- _Exercise input_
------------------------------------------------

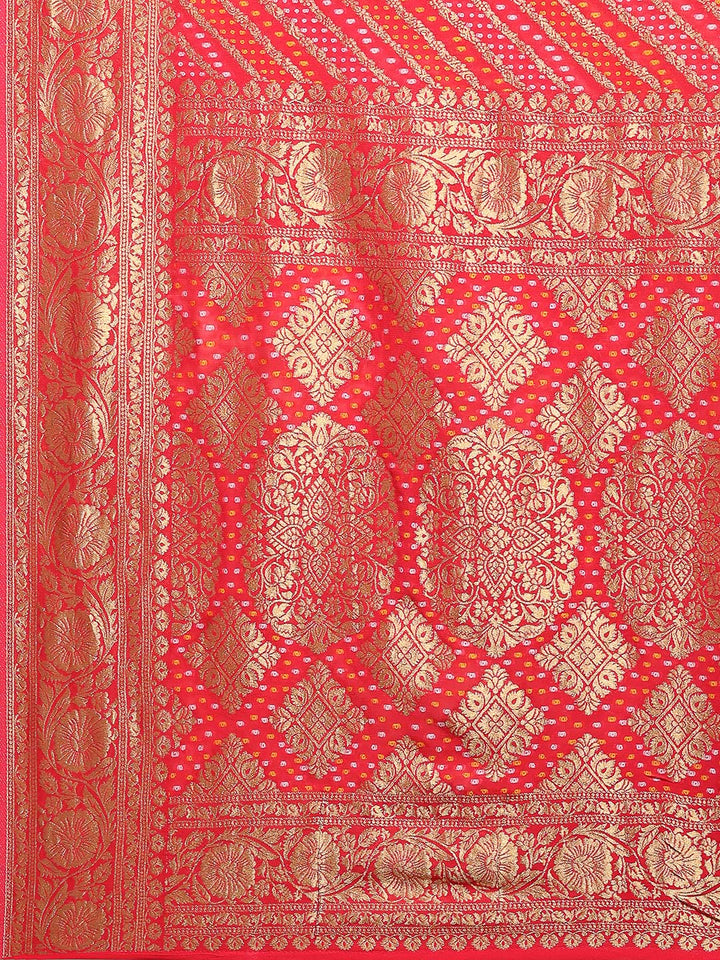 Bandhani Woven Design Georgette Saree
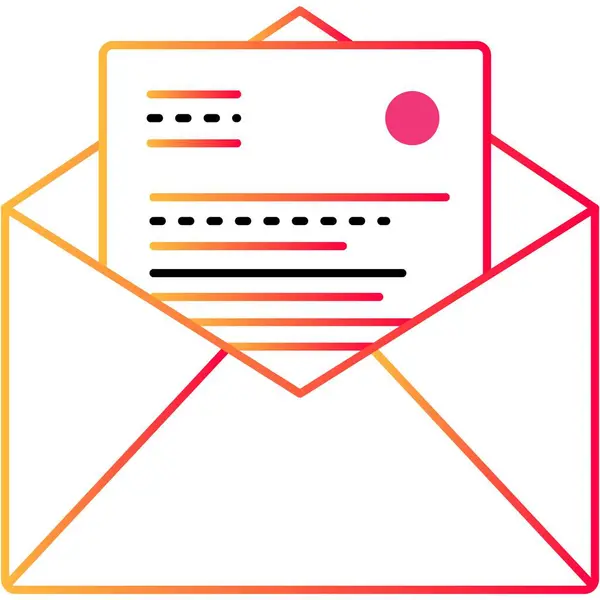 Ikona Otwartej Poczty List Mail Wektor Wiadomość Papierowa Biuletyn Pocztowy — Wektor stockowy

------------------------------------------------

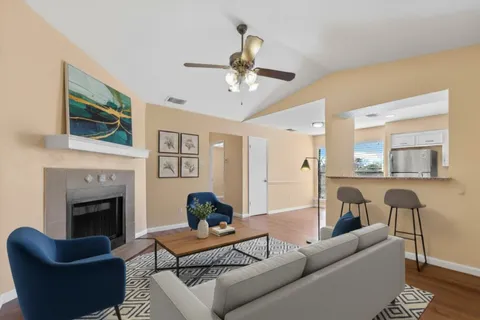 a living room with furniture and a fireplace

------------------------------------------------

- _Required action_
An exact copy is needed of the entries above, starting at the line that holds "Bandhani Woven Design Georgette Saree" and stopping at the line that holds "Ikona Otwartej Poczty", both kept; pictures stay out.

- _Written answer_
 Bandhani Woven Design Georgette Saree
 Ikona Otwartej Poczty List Mail Wektor Wiadomość Papierowa Biuletyn Pocztowy — Wektor stockowy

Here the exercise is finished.